This week closes on very alarming notes. The S&P 500 broad market index is balancing on the verge of the important support at 4260-4280 points. The Israeli-Palestinian conflict is escalating. Debt markets are under huge pressure with surging yields.
The U.S. president Joe Biden has left Israel this week without any major success in a settlement of the conflict. Moreover, the United States are starting to be dragged into the conflict after USS Carney, a Navy destroyer in the Red Sea, has shot down missiles and drones launched from the Yemen territory, weapons that the Pentagon says were "heading along the Red Sea, potentially toward targets in Israel."
Market were very nervous in response to the news. A chain reaction started with the 4% up of crude prices and followed by surging 10-year Treasuries yields that resulted in a slump of the S&P 500 index by 1.3%. This weekend may potentially bring another round of escalation that would trigger this chain reaction again pushing the S&P 500 index down below the support at 4260-4280 points. This small step would open a broad path towards a 12% slump of the index to 3700-3800 points. It is unlikely the index would stop at this level. The spread between 10-year and 2-year Treasuries yields is narrowing. This is a solid signal that the recession in the U.S. is nearing.
So, the upcoming weekend would be very nervous and tense. If there will be no escalation in the Middle East there is a chance that the “Magnificent Seven” of seven largest U.S. companies may support the stock market. Investors hope that Microsoft, Alphabet, Meta, Amazon and other mega caps would hold the market from plunging to the downside. But this might be a wishful thinking after Tesla, a famous EV car maker, missed consensus estimates. Its stocks dived by 9.0% immediately. On the other hand, Netflix has delivered exceptional Q3 results with increasing revenues and prices. Investors were happy boosting its stock prices by 16%.
However, there are not so many positive news to support stocks. The Federal Reserve (Fed) Chairman Jerome Powell said that inflation need further cooling considering economic resilience. Rising debt yields may mean an end of interest rates hike cycle. But, it is too early to declare victory over inflation, according to Powell. “A range of uncertainties, both old and new, complicate our task of balancing the risk of tightening monetary policy too much against the risk of tightening too little,” Powell said.

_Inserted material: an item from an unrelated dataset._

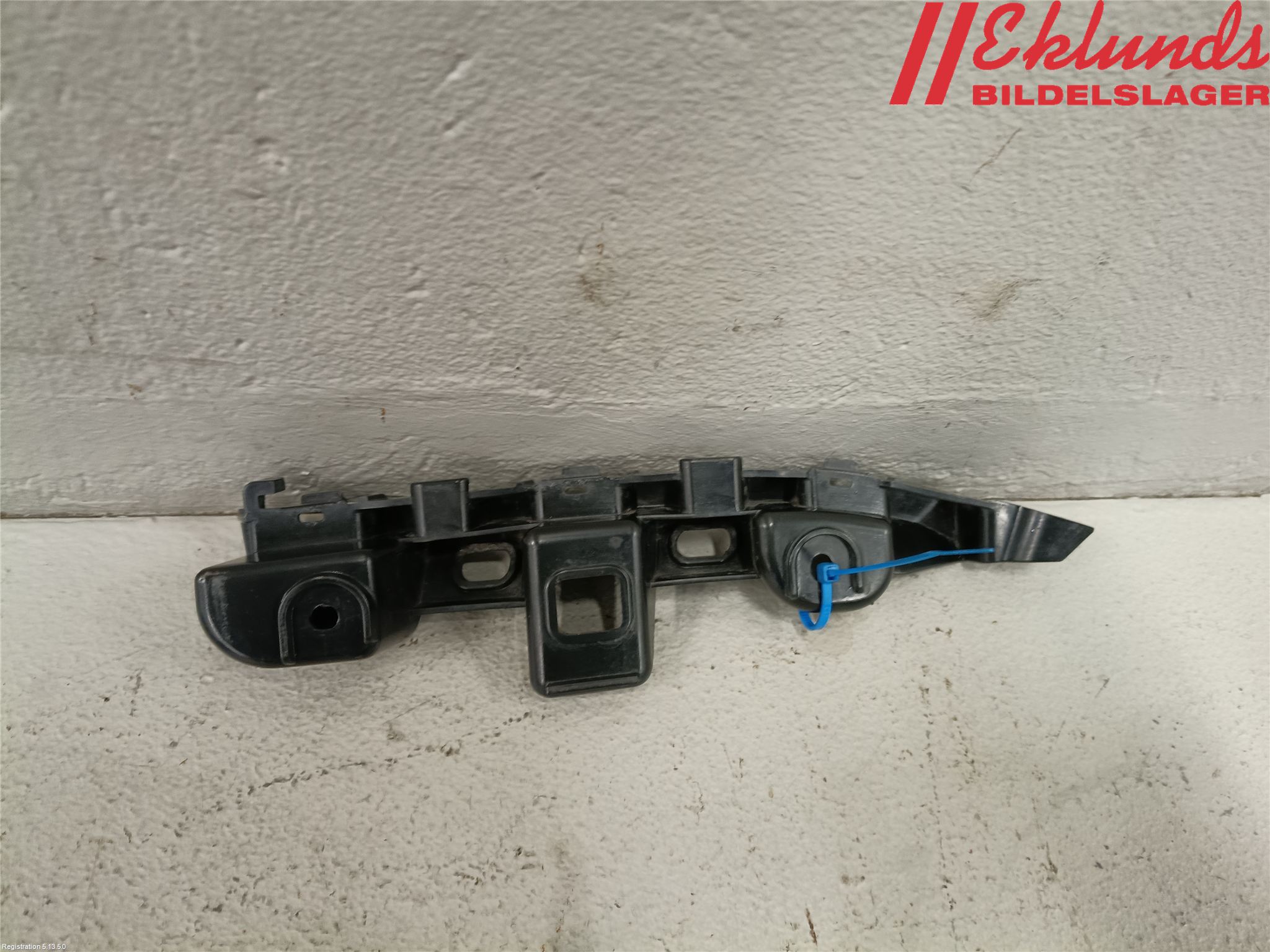 Volkswagen VW PASSAT 11-14 Stötfångarfäste Fram Hö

Investors were disappointed as stock indexes would continue to deteriorate in high borrowing costs. Even if the money market alone generates this increase.
Technically, the S&P 500 index downside formation with a primary target at 4100-4150 points and extreme targets at 3700-3800 points has not changed. The nearest support is at 4260-4280 points. A strong resistance is located at 4340-4370 points. Short trade was opened from 4360 points two weeks ago.

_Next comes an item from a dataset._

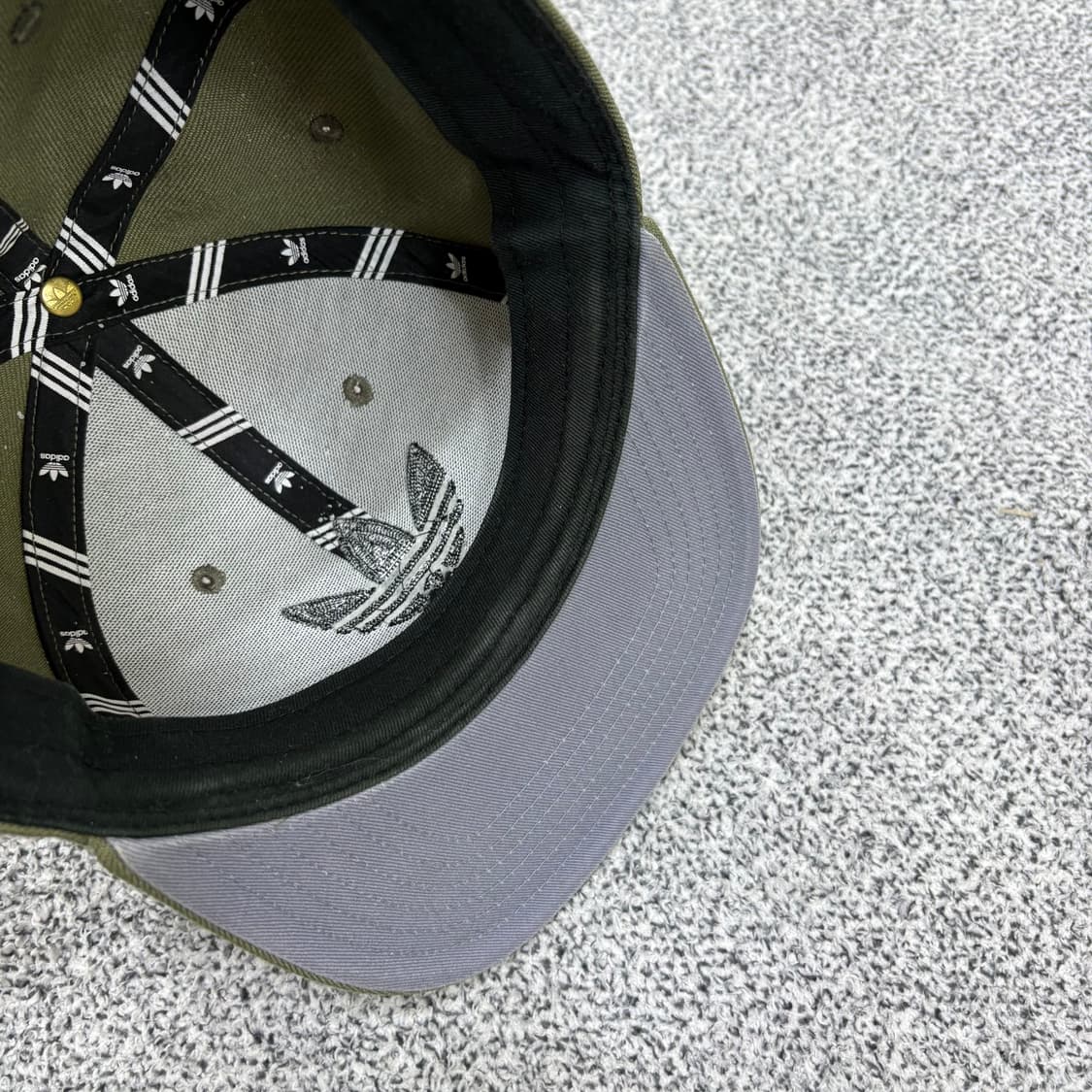 F 아디다스 불꽃 스냅백 모자 카키 0319J 상품이미지5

Oil market is bracing for impact. Brent crude prices are testing the upper margin of the resistance at $92.00-94.00 per barrel. If prices would pass this level a rise to $100 per barrel would be a likely scenario. It prices would climb above this level than a path towards $150.00 per barrel will be opened. On the other hand, if prices would roll back below $92.00 level they may continue down to $83.00-85.00 per barrel.
Gold prices are moving inside the mid-term upside formation with targets at $2000-2100 per troy ounce that have already been met. The resistance at $1910-1930 was smashed. Prices are moving towards the $2000 per ounce threshold. Any long trades that were opened are likely to be closed at this level.
The Greenback was mostly losing its gains this week. It may recover with ease in case of a further escalation in the Middle East. There are almost no good trades at the moment. A short trade with a small amount for GBPUSD from 1.21200-1.21500 with a primary target at 1.20500 and the secondary target at 1.19800 and stop-loss at 1.21700 could look promising.